La phonologie du tutnais suit un procédé ludique, comme celui du javanais, par exemple. Chaque consonne est remplacée par une syllabe, et le mot se prononce comme si l’on l’épelait. McIlwain a publié l’alphabet tutnais, avec une clé phonétique pour chacune de ces prononciations.
Bien sûr, comme dans toute langue, il existe des variétés régionales dans les syllabes insérées. Par exemple, dans certaines familles, le w était prononcé comme /wax/, tandis que, dans d’autres, comme /wug/. La même chose s’est produite avec le h, qui pourrait être prononcé comme /hug/ dans une région ou comme /hush/ dans une autre.
Ces variations dans le tutnais sont liées à l’évolution de la langue au cours de ses deux cents ans d’existence et au fait qu’elle s’est transmise de bouche à oreille et de génération en génération. Selon le grand-père de McIlwain, un descendant des esclaves qui utilisait la langue, parler tutnais aurait pu lui coûter la vie. C’est pourquoi beaucoup d’Afro-Américains sont surpris d’apprendre que cette langue existe.
Contrairement au javanais, le tutnais peut, bien que dans un sens quelque peu limitée, être considéré comme une variété de la langue anglaise. C’est ce qu’on appelle un argot, une langue secrète utilisée par un groupe en particulier pour empêcher les autres de comprendre leurs conversations. Le tutnais remplissait une fonction linguistique importante au sein de sa communauté en tant que principale forme de communication. Pour les esclaves, le tutnais constituait la base de leur éducation et de leur vie interpersonnelle au même titre que n’importe quelle langue.
Cependant, le tutnais n’a pas survécu au-delà de la période d’esclavage aux États-Unis.
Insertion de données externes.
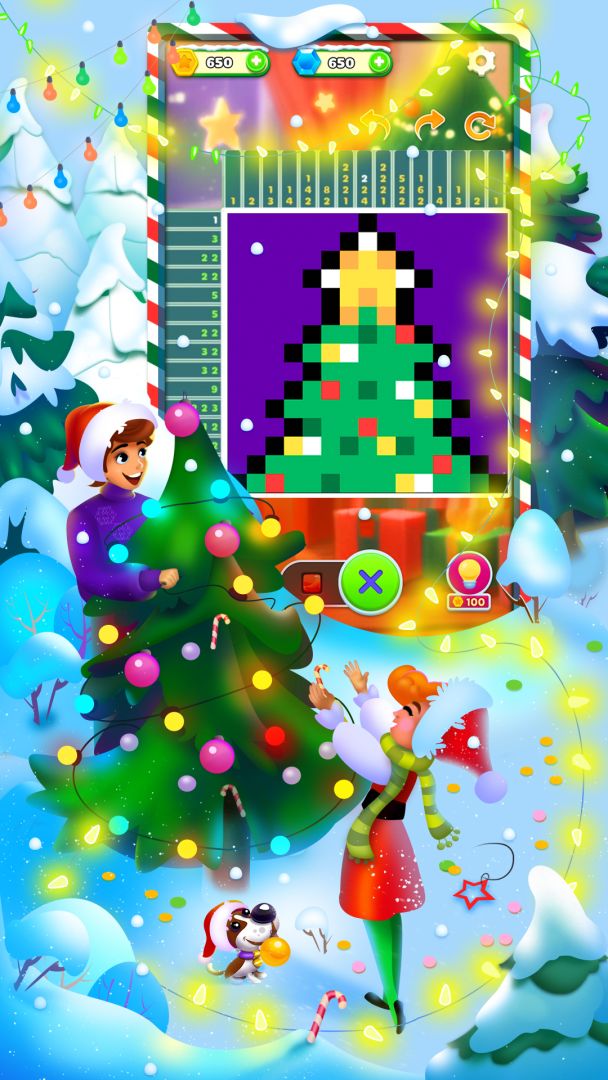 数独趣味闯关游戏截图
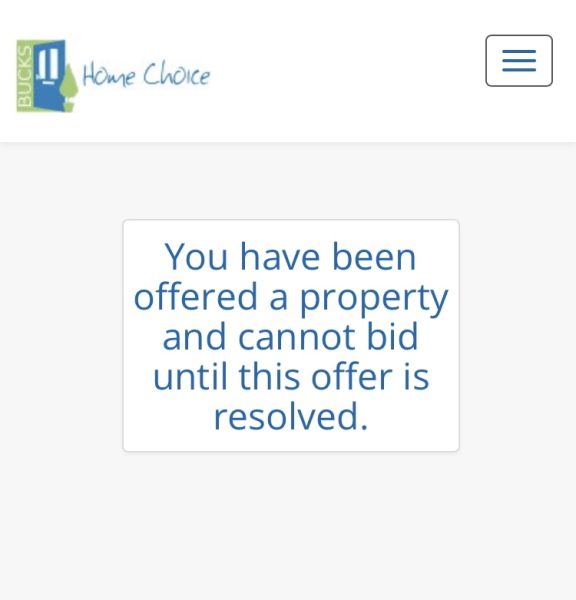 Social Housing Ranking confusing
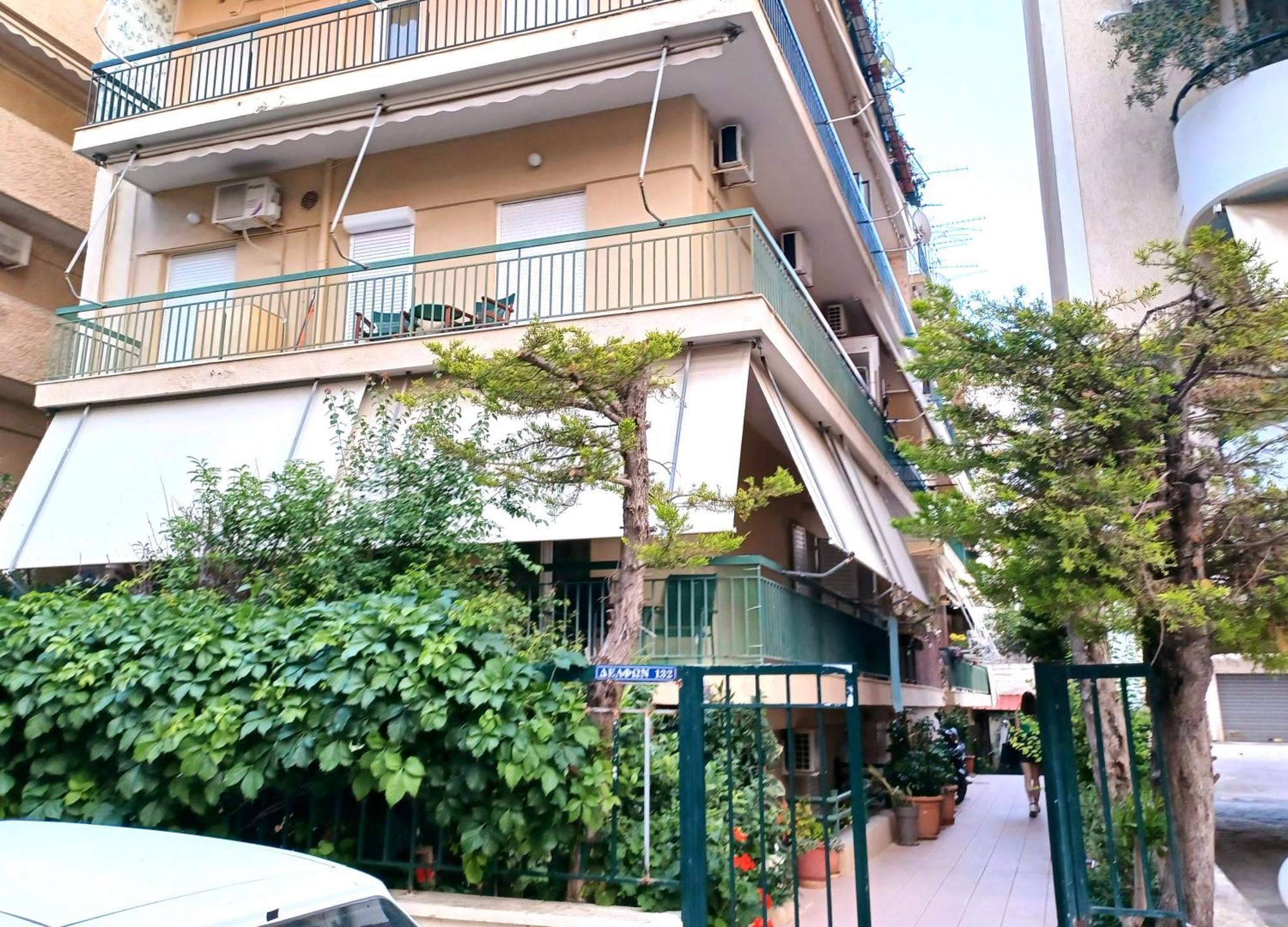 Green Tea Balcony - Quiet & Cozy- Ano Glyfada Atena Exterior foto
Jusqu’aux années 70, de nombreuses familles constitués par des descendants d’esclaves afro-américains gardaient le tutnais secrète, car l’utiliser pour tromper les blancs aurait pu être considéré comme prétentieux. Parler en secret représentait un avantage et pouvait être perçu comme une menace pour la population blanche monolingue.
Désormais, beaucoup d’Afro-Américains apprennent les tutanais et partagent des vidéos, des guides et des commentaires sur le sujet sur différentes plateformes de résaux sociaux. De nombreux jeunes, notamment ceux qui publient sur TikTok, sont déterminés à faire revivre cette langue. Pour ceux qui veulent apprendre le tutnais, il existe des cours sur Google Classroom et sur les serveurs Discord.
Bien sûr, cela ne veut pas dire qu’il n’y a pas de résistance à faire revivre le tutnais. Spécialement parce que réintroduire cette langue l’expose à un public qui dépasse la communauté à laquelle elle appartient. Et cela serait absurde pour un langage qui a été créé pour communiquer en secret.
Cela dit, il est difficile d’éviter ce dilemme. Diffuser cette langue aujourd’hui, c’est la diffuser auprès de l’ensemble de la population.
Cependant, bien qu’il comporte quelques difficultés, le tutnais a fait son retour au sein de la communauté afro-américaine.